Sunny, however, exists only on paper and came from the mind of the great Robert B. Parker.

I must confess a long-running love affair with the works for Mr. Parker: from the Spenser series to Jesse Stone to Virgil Cole and Everett Hitch…even non-series works like Gunman’s Rhapsody about the gunfight at the O.K. Corral. I love going back to the worlds inhabited by his characters time and time again. The settings, the snappy dialogue and the very defined code of right and wrong for people like Spenser, Hawk, Susan Silverman, Jesse Stone, Suitcase Simpson, Molly Crane, Spike, Richie Burke and Sunny Randall.

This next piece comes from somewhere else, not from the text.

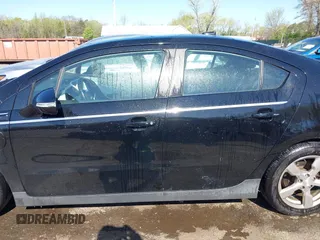 2013 Chevrolet Volt with VIN 1G1RD6E49DU138654, listed as a IAAI auction lot 42022259 with 114,125 mi miles and . Bid and sale history available at carsss.com. Image 15.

When Mr. Parker died suddenly in 2010, the loss hit on several levels. First and foremost, there was the loss to his family and what that loss means to them. I go through everything in the books I read, including the dedication and acknowledgements, and I always smile when I read his simple dedication to Joan in book after book. It was Joan of whom I thought first when I heard he was gone.

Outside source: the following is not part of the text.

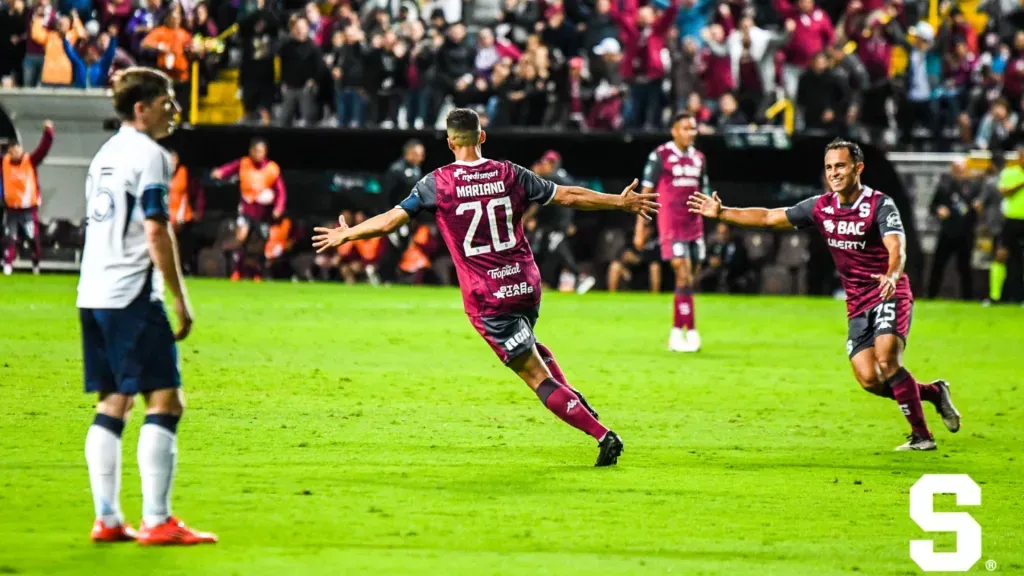 Mariano Torres celebra su golazo, el que allanó el camino de la remontada contra Vancouver Whitecaps. El 2-1 fue obra de Ariel Rodríguez. (Foto: Saprissa)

But then there’s that other loss. Parker left quite an extensive catalog, and even at that it was hard to think there would be no more. Specifically, the end of Mr. Parker’s life meant the end of the characters he created, who over and over again in book after book interacted with each other, and inhabited places, jobs and lives that had become comfortingly familiar.

So, what happens to these characters when their creator dies? What should happen? It would be nice if every author let their family know what they expect to happen with their work, and I believe that’s exactly what Mr. Parker did, and his estate is doing a fine and thoughtful job of selecting the writers who are carrying on the series. For others—and in this case, the great Sue Grafton comes immediately to mind—there is a different outcome. In Ms. Grafton’s case the family seems to have chosen to bookend her “alphabet” series of Kinsey Millhone stories with A and Y; an alphabet forever incomplete in honor of Ms. Grafton’s work as uniquely her own.


And that’s OK, too.


Of course not every writer creates a series in which characters appear in book after book, but for those who do, their characters have a way of setting up shop in the reader’s imagination and becoming very important. Even the fictional places they inhabit can take hold of the reader, feeling as though those places might actually exist. (I’m looking at you, Louise Penny. There’s a reason your legions of readers would love to find a real Three Pines.)


So what do you think? Should the characters survive beyond their creator?